Я здесь | страница 10




Нет, элитарный код не был им прочитан, стихи Наймана вызвали скепсис, как, впрочем, и мои стихи. Из нас троих Лившиц признал лишь Рейна, да и то с оговорками: интеллект, культурность, книжность не считались ценностями среди университетских поклонников Хлебникова. Это отношение, вместе с авторитарностью, Лившиц усвоил и воспринял от своего ментора Михи Красильникова, тогда исключенного из университета за публичный демарш в духе славянствующего Велимира. Былинно рассказывалось, как Миха со приятели явились на лекцию по советской литературе в посконном, сотворили квасную тюрю и стали хлебать ее деревянными ложками. Даже привычкой говорить нараспев эта легендарная личность повлияла на идущих вослед универсантов-филологов. Распев, впрочем, восходил к манере бытовой речи Пастернака, которому в стихах жестоко подражал Леша Лившиц, но о своих опытах до поры умалчивал.


Непризнание казалось несправедливым и обидно досаждало Найману, как если бы, к примеру, его футбольная команда продула противнику, а он "стоял в голу". Но, в сущности, оно было правомерным. Своей собственной, даже такой обаятельной манеры для той поэзии, которой мы взыскали, было недостаточно. Оригинальную манеру лихорадочно ищут и не могут найти участники литературных кружков, но для подлинного певца это не более, чем умение опереть свой голос на диафрагму. Что и как он запоет - вот в чем все дело!

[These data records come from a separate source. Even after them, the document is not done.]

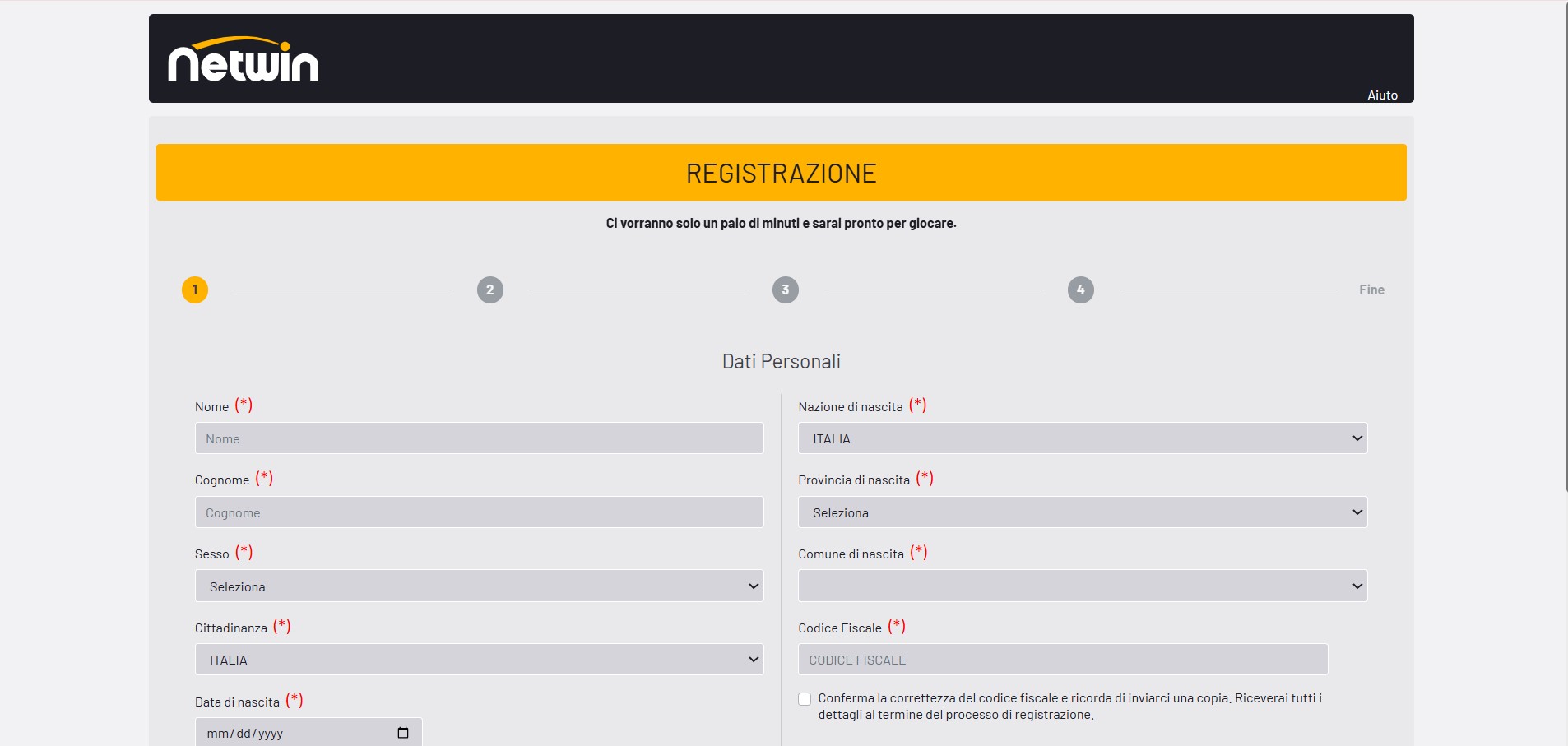 Registrazione Netwin ITalia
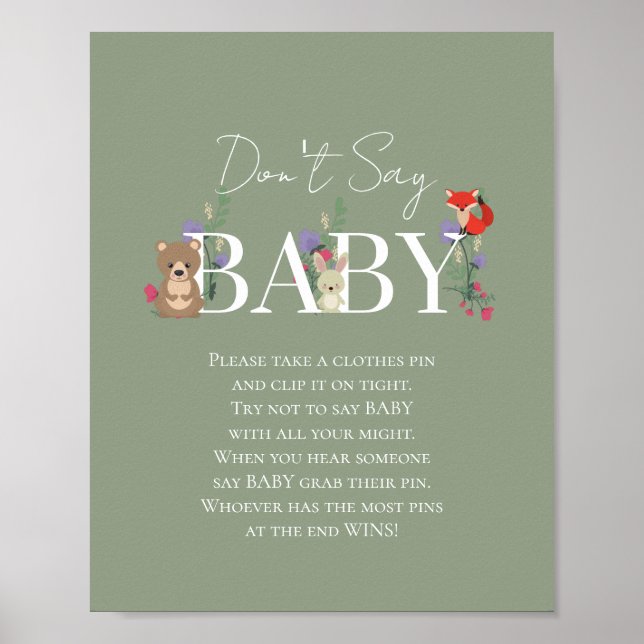 Affiche Baigneuse Bébé Bohème Animaux de la Forêt Vert Sau (Devant)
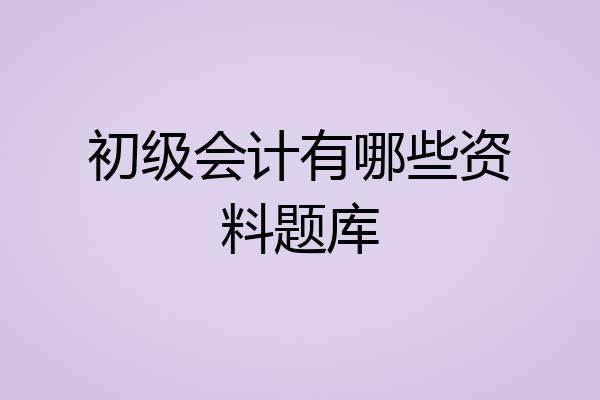 初级会计有哪些资料题库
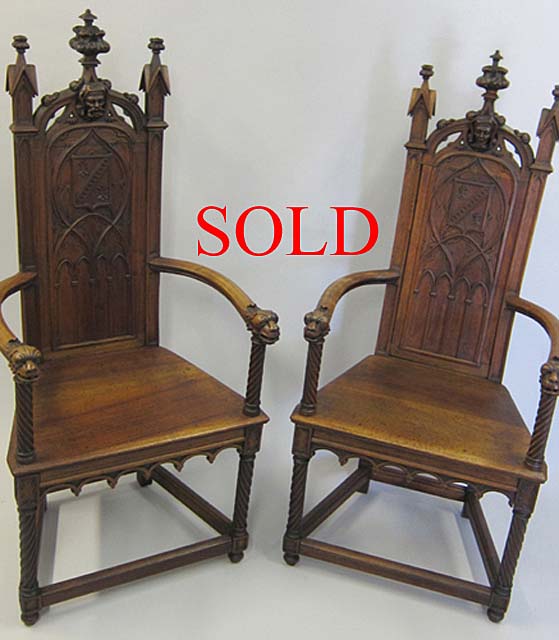 pair of gothic french antique armchairs caquetoires sold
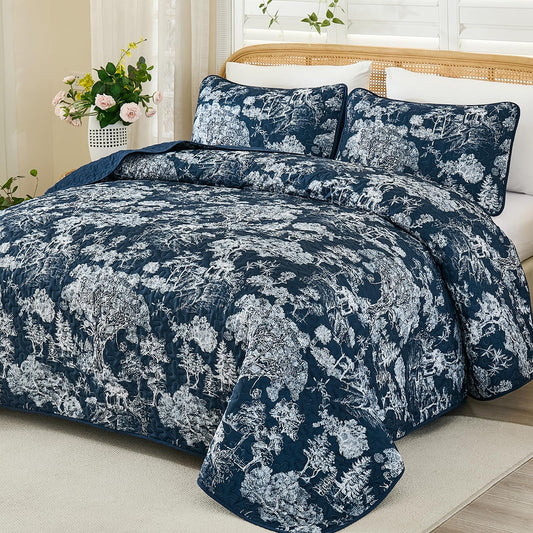 WONGS BEDDING Quilt Set Queen Size,3 Pieces Navy Blue Floral Plants Printed Bedspread Coverlet Set Soft Lightweight Toile Botanical Bedding Set for All Season (96"x90")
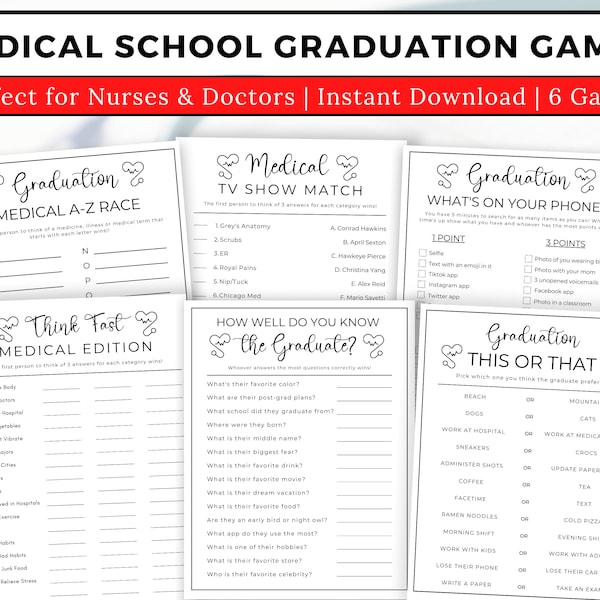 Medical School Graduation Party School, Medical Graduation Games,  College Graduation Games, Nurse Graduation Games, Doctor Graduation Games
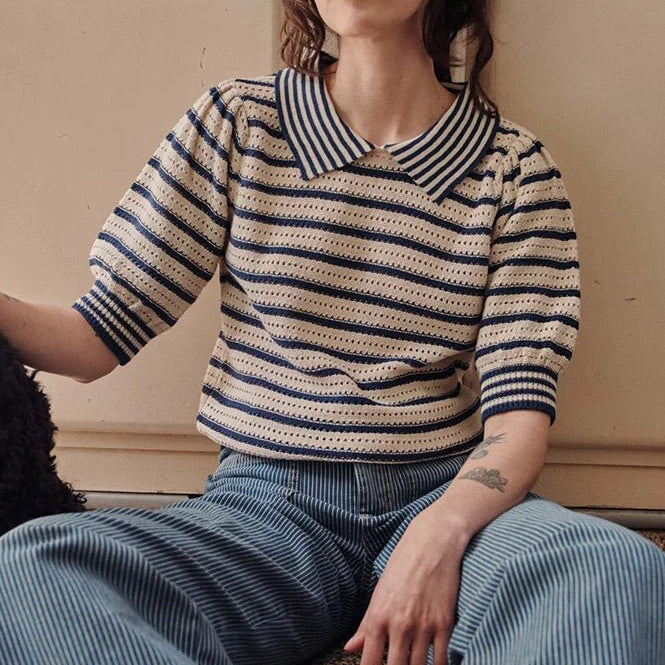 Emile & Ida Dauphin Striped Knitted Polo Shirt Marina Blue - Steranko Clothing Manchester
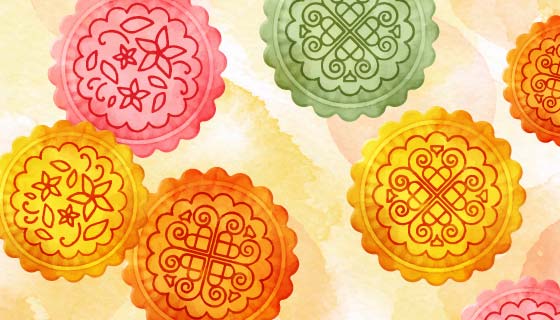 水彩彩色中秋节月饼矢量素材(EPS/AI)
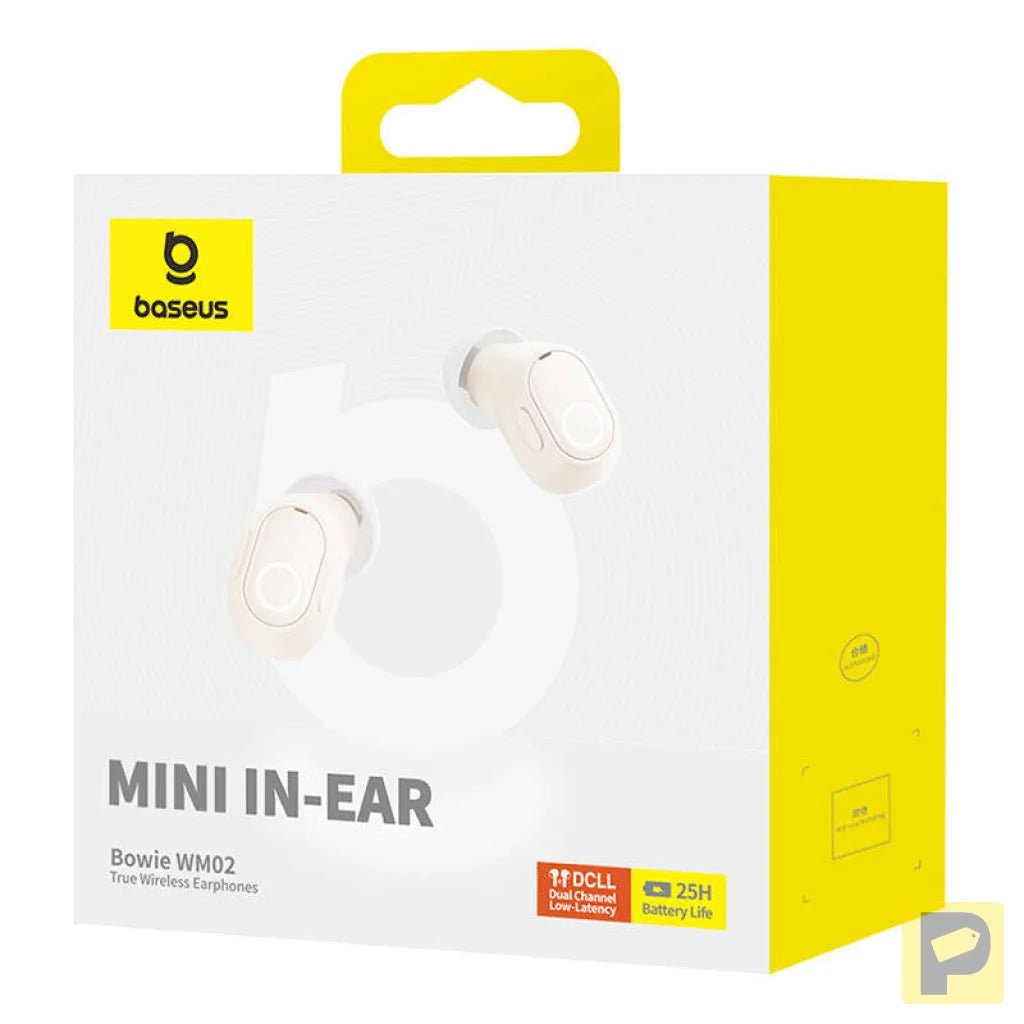 Wireless headphones Baseus Bowie WM02 TWS, Bluetooth 5.0 (white) OS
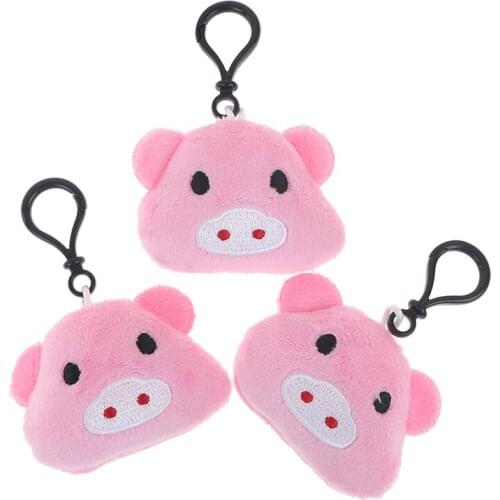 Mini Pig Head Cartoon Couple Pendant Keychain Plush Stuffed Plush Animals Toy Girl Baby Stuffed Animal Kawaii Toy Keychain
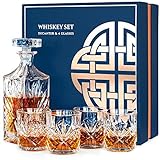 Whisky Karaffe Whiskey Gläser Set, Geschenke für Männer Mann Papa, 4 Whiskygläser Dekanter Geschenkset, Whisky Bleifrei Glas Geschenk, Whiskey Whiskyglas Geschenkbox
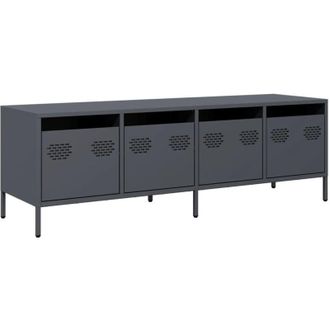 vidaXL Mueble De Tv Acero Laminado En Fr&iacute;o Antracita 135x39x43,5 Cm Vidaxl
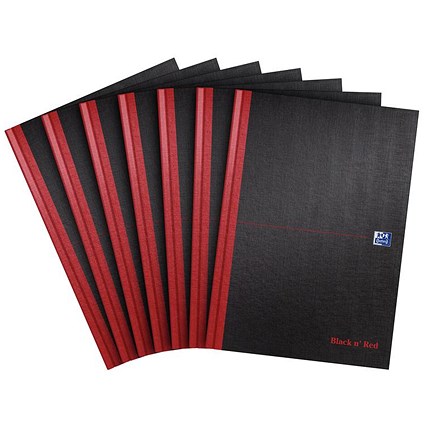 Black n' Red Casebound Notebook, A4, Ruled, 192 Pages, Pack of 5 - Get 2 Extra Books Free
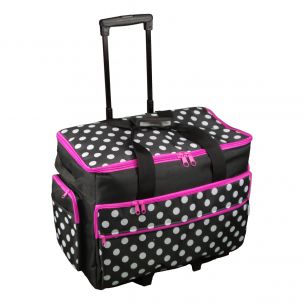 Large Sewing Machine Trolley Bag on Wheels Black with White Spots & Pink Trim | 53 x 41 x 29cm | Sewing Machine Storage for Janome, Brother, Singer, Bernina and Most Machines Sewing Online 006106-BLK-PINK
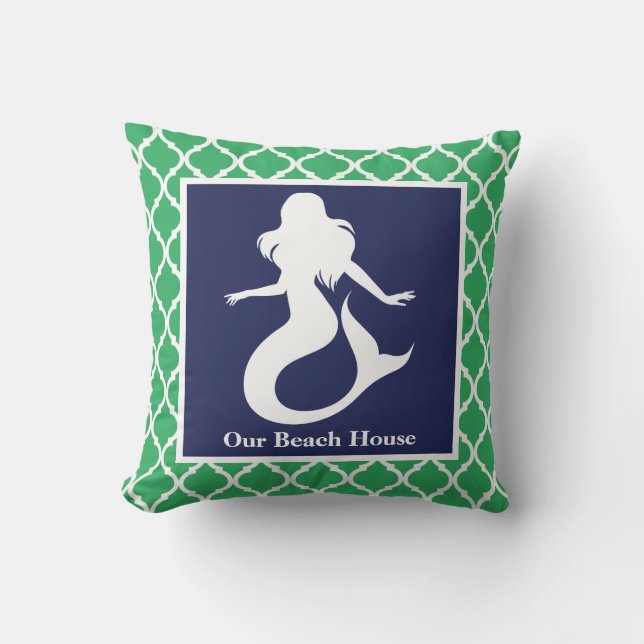Sjöjungfru Turcos Blue Nautical Personalize Namn Kudde (Framsida)
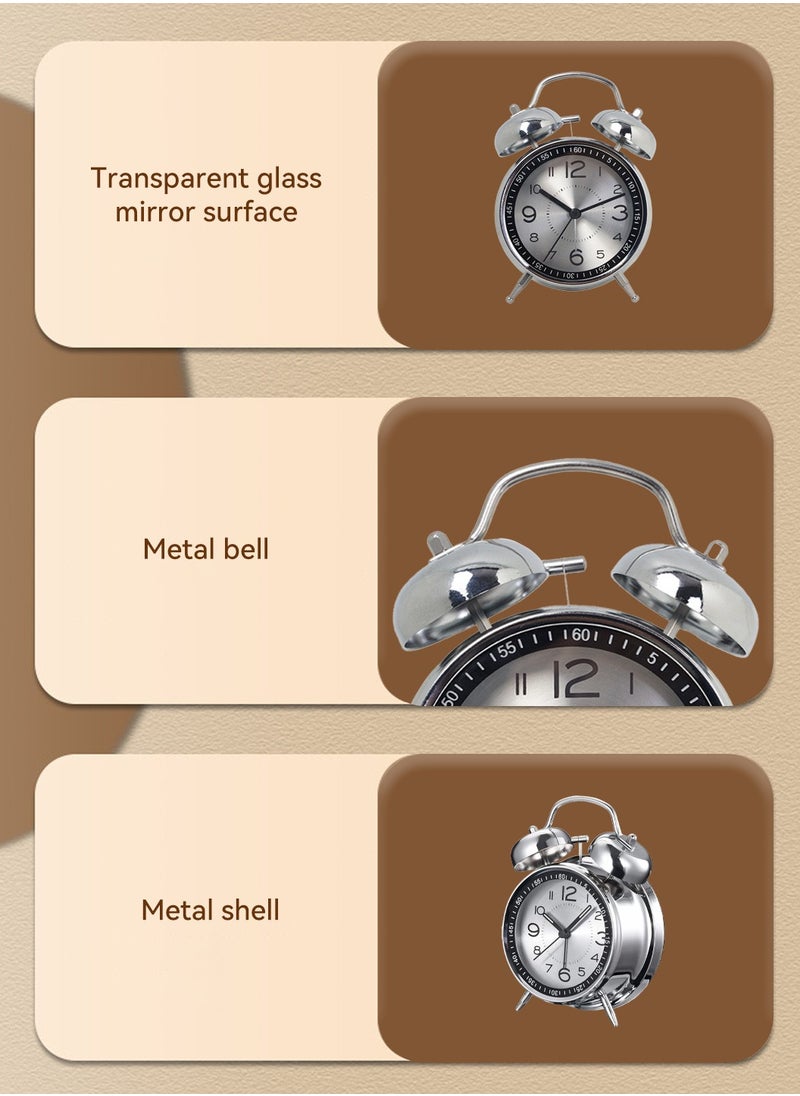 LEOKOR - Loud Alarm Clock For Heavy Sleepers Silent Non-Ticking Retro Quartz Alarm Clock with Backlight Silver - Image 1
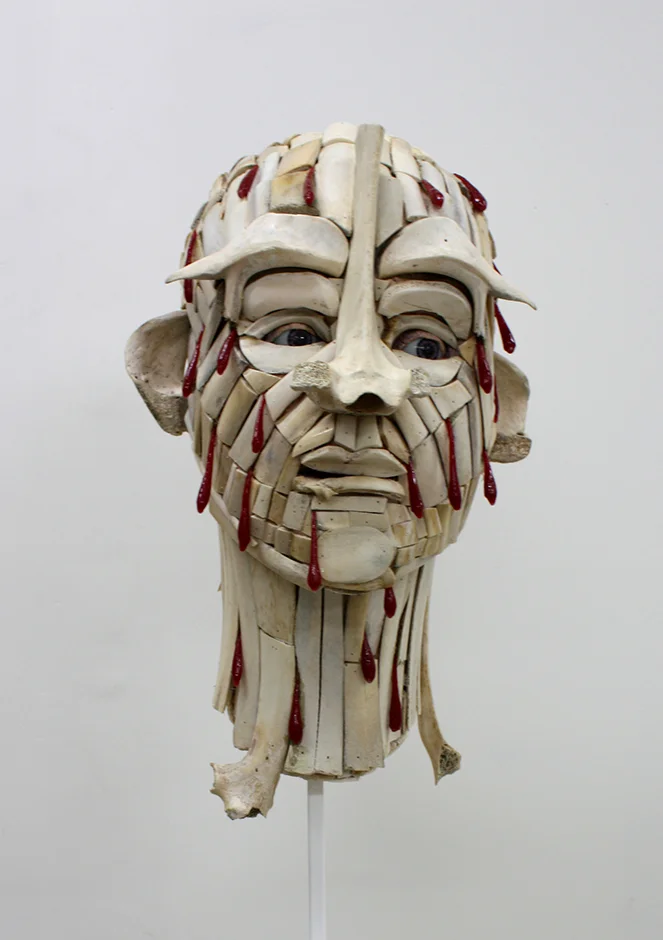  Man of Blood and Bone 2011 Animal bone, epoxy resin, steel stand   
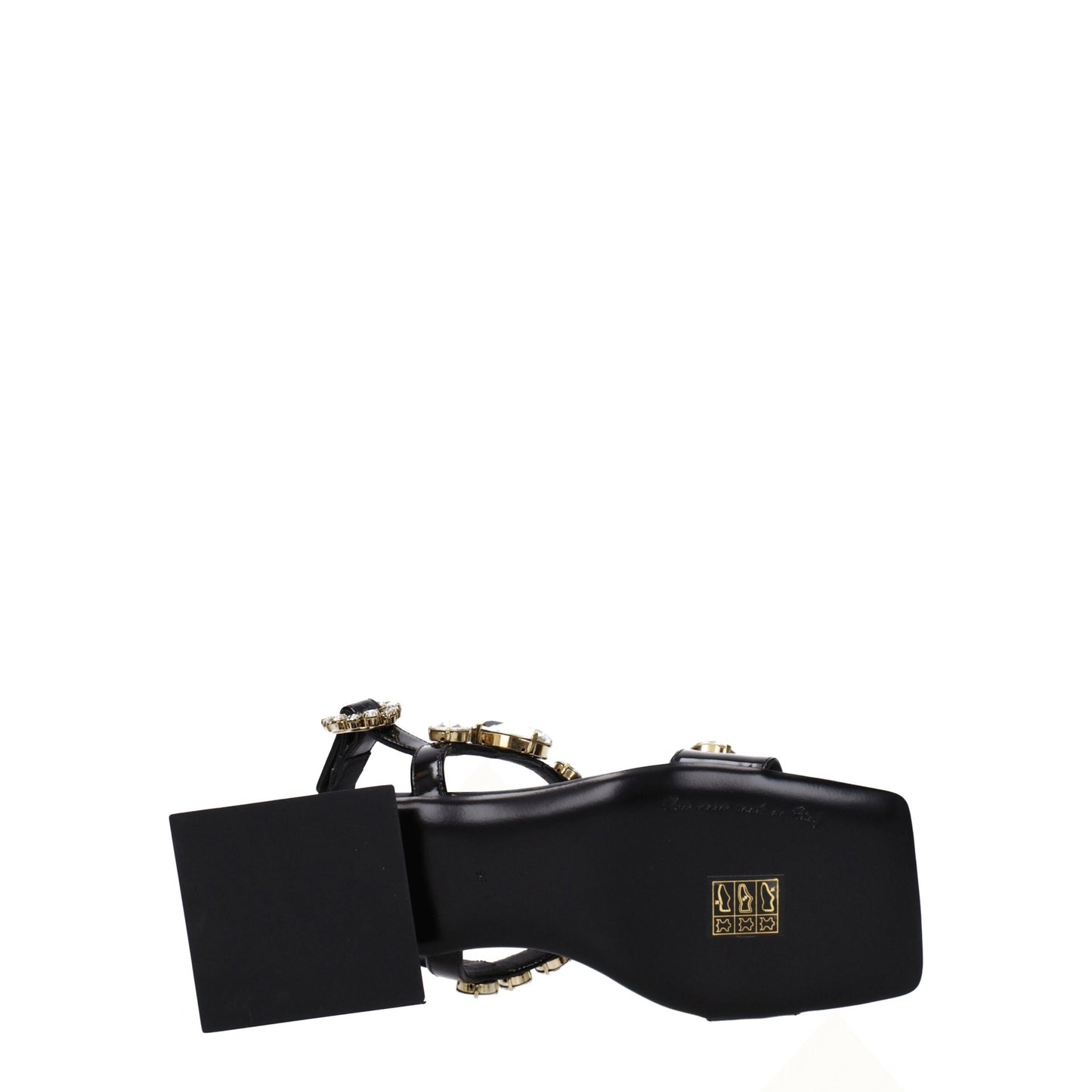 Dolce & Gabbana – Flache Sandalen aus schwarzem Leder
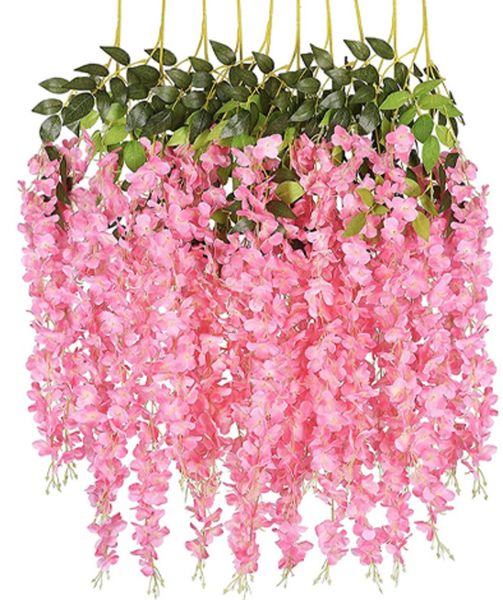 

wedding decorations wisteria vine artificial fake flowers garland arch home room hanging rattan wedding decor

И Найман вскоре зазвучал по-новому. Это было стихотворение "Пойма", торжественное и напевное, где библейские архаизмы естественно сочетались с современными метафорами и образами среднерусского пейзажа:


Всем, что издревле поимела
обильная дарами пойма:
водой солодкой, хлебом белым
я был накормлен и напоен.

В стихах были истинно красивые тропы, совсем не затронутые какой-либо слащавостью, а ведь для того, чтобы не предать красоту, как это сделало большинство поэтов нашего поколения, требовалось духовное мужество. Но и мастерство тоже:


Стреноженные кони косо
водили плавными хребтами,
прозрачнокрылые стрекозы,
прицелясь в воздух, трепетали...

"Аркадий, не говори красиво!" - сказал тургеневский Базаров, заморозив на полщеки лицо русской литературы. Впрочем, Бальмонт, Блок и Белый заговорили было о прекрасном - возвышенно, но на них притопнул с Триумфальной площади советский Маяковский, и всем стало стыдно. Гении, даже на фотографиях, стали выпячивать свои квадратные подбородки, скошенные лбы, двугорбые, как верблюды, профили. Добавилось с Запада, от изысканно безобразных кубистов и мовистов до Сальвадора Дали, с явным сожалением, но все же искажающего красу, и даже до безупречного эстета Матисса, провозгласившего в поддержку своей оппозиции: "Красивое - уже не красота!"